# GIAC chip flashed



## yooseong (May 22, 2010)

I am driving 06 Jetta 2.5l. I recently got my car flashed with GIAC software after I heard the news about GIAC had updated the software and removed the RPM hang and overrun. Since there's no C2 or unitronik dealer near my town, I had no choice.

The car runs great, but Im not sure if the RPM hang is actually removed or not. The car has CAI installed, and rev hang was much severe than stock. (It took about 2~3 secs for rev to come down in normal 2500rpm shifting) The main reason I got my car flashed is for drivability, not for power.
I usually hate to slip clutch, so in my driving style, smooth shifting can only come from the precise rev matching. If the rev hangs like that, then i need some pause between 1st-2nd shifting, which makes the cars behind pretty annoyed... 

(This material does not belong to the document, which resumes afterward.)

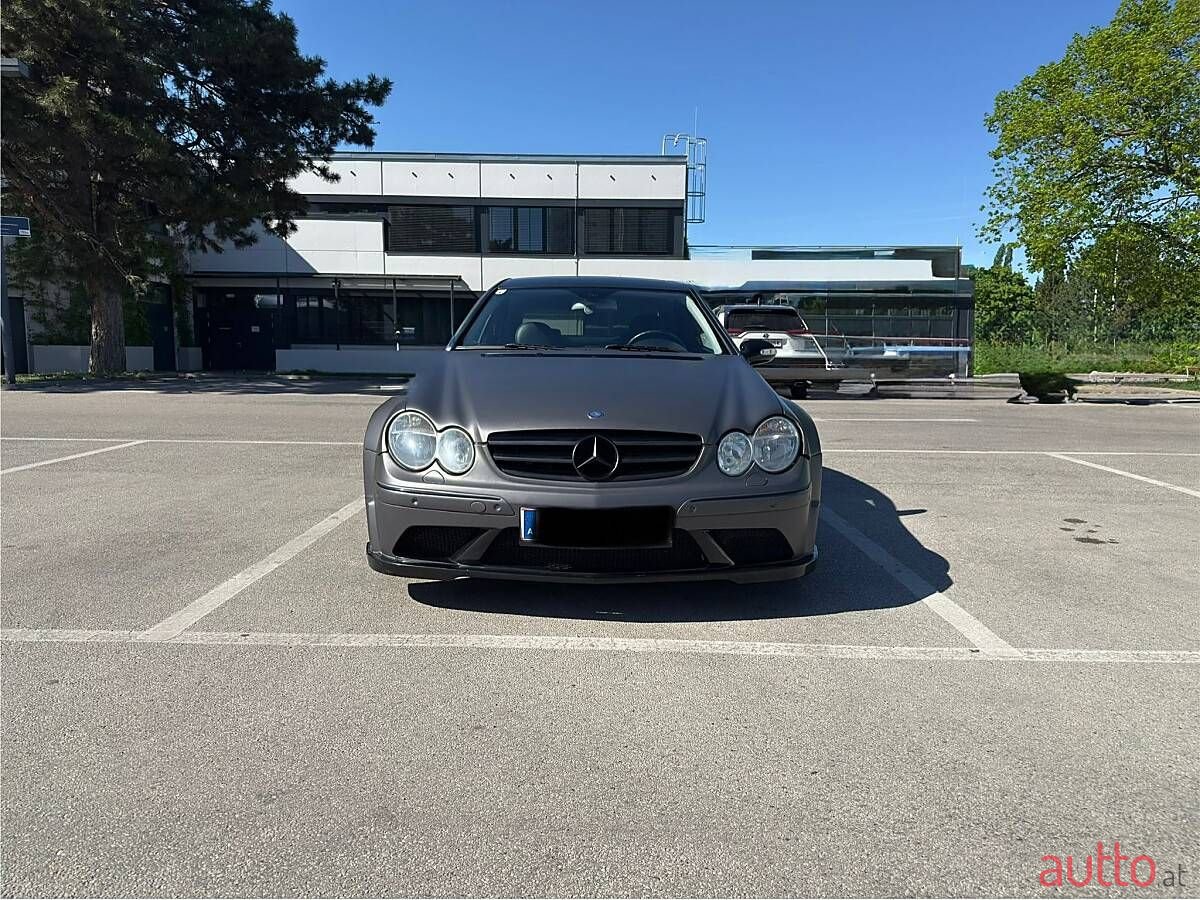 2005' Mercedes-Benz Clk-Klasse photo #2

After flashed, the RPM hang and overrun becomes a little less or similar to the stock engine with stock air filter. When AC is on, it drops pretty quickly like ordinary cars with throttle by cable... But when AC is off, it has still some rev hang as much as normal drive-by-wire cars have... On WOT, it even overruns.. (RPM goes up about 300 even I push the clutch.)
It is true that this is MUCH MUCH MUCH better than the stock, and the drivability has been improved a lot, but I have to say that I expected MORE than this. I want the rev to drop immediately.. 

I want to hear from other people who flashed their cars with GIAC, C2, Unitronik, APR, etc.. How do you think about the rev hang issue?


----------



## volare (Jun 25, 2006)

I got the GIAC updated flash (after reading that they had removed (or reduced) the rev hang) but much like you, I was a little bit disappointed. It is better than stock (no question) and the software is smooth through the whole rev range, but the rev hang is still there for me too.

Driveability really didn't change much for me. I don't foresee any future updates either (as we had to pull teeth to get the software updated in the first place, and it took over 2 years)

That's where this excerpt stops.